- Born: 2 January 1853 Weimar, Prussia
- Died: 8 May 1945 (aged 92) Nazi Germany
- Allegiance: German Empire
- Branch: Imperial German Army
- Service years: 1877–1912, 1914–1919
- Rank: General of the Cavalry
- Commands: 13th Reserve Division 226th Infantry Division
- Conflicts: World War I Western Front;
- Awards: Order of the Red Eagle (2nd Class)

= Alfred von Kühne =

Alfred von Kühne (2 January 1853 – 8 May 1945) was a Prussian General der Kavallerie who was active during World War I. He commanded the 13th Reserve Division and participated in the Siege of Maubeuge.

== Life ==
Alfred Kühne was born on 2 January 1853 in Weimar. He was the son of Prussian Oberstleutnant Gustav Kühne (1818−1880).

He entered the military as Second Lieutenant in the 19th (Oldenburg) Dragoon Regiment. As an Oberst, in 1900, Kühne became the commander of the 10th (Magdeburg) Hussars. Later, as Inspector-General of the 1st Cavalry Inspection, he was member of Reinforced Cavalry Commission.
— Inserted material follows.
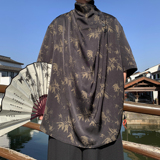 潮酷暗黑F小高领堆堆领印花树叶小众设计冰丝t恤T63-P80控108，男装T恤，电商A005-1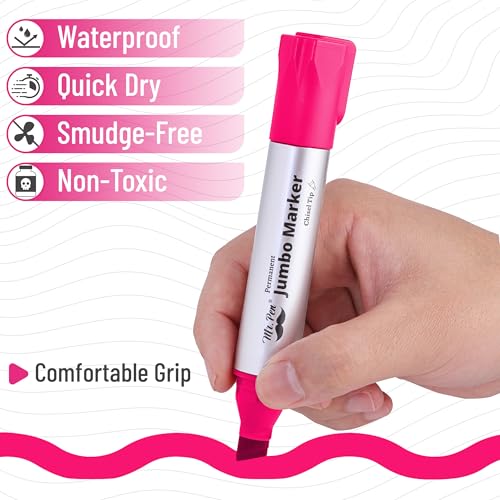Image of Mr. Pen- Jumbo Permanent Markers, 4 Pack, Pink, Chisel Tip, Wide Tip, Large | Thick Permanent Markers for Canvas, Posters Board, Fabric, Window, Glass, Wood, Waterproof, Quick Dry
For his services Emperor Wilhelm II ennobled him in 1911. From 18 August to 18 October 1905, Kühne was posted as the commander of the 31st Cavalry Brigade. On 19 October 1905, Kühne was promoted to Generalmajor. From 2 September 1907 to 26 January 1911, Kühne was commander of the 4th Guards Cavalry Brigade in Potsdam. On February 2, 1911, Kühne was promoted to Generalleutnant. He later became the Inspector-General of the 1st Cavalry Inspection in Posen. On 14 March 1912, on his own request, Kühne retired from the army, and was awarded the Order of the Red Eagle (2nd class).

During World War I, Kühne was brought back from retirement to serve as commander of the 13th Reserve Division, which served as part of the VII Reserve Corps and the 2nd Army on the Western Front. His division was involved in most of the battles of that front in 1914. On 17 January, 1915, Kühne was given the character of a General der Kavallerie. With his division, Kühne was deployed in Verdun for the Battle of Verdun. On 4 April 1918, Kühne became the commander of the 226th Infantry Division. He stayed at this position until 10 February 1919.

== Trivial ==

- Ernest Louis, Grand Duke of Hesse had a lot of chances to meet Kühne since he had a Hessian division. He said that he is a man with a big heart who had real love for his troops. Wherever it was possible for him, he took care of everyone in the most touching way; his concern went as far as the individual man. When Kühne was transferred to the Eastern Front, a general mourned.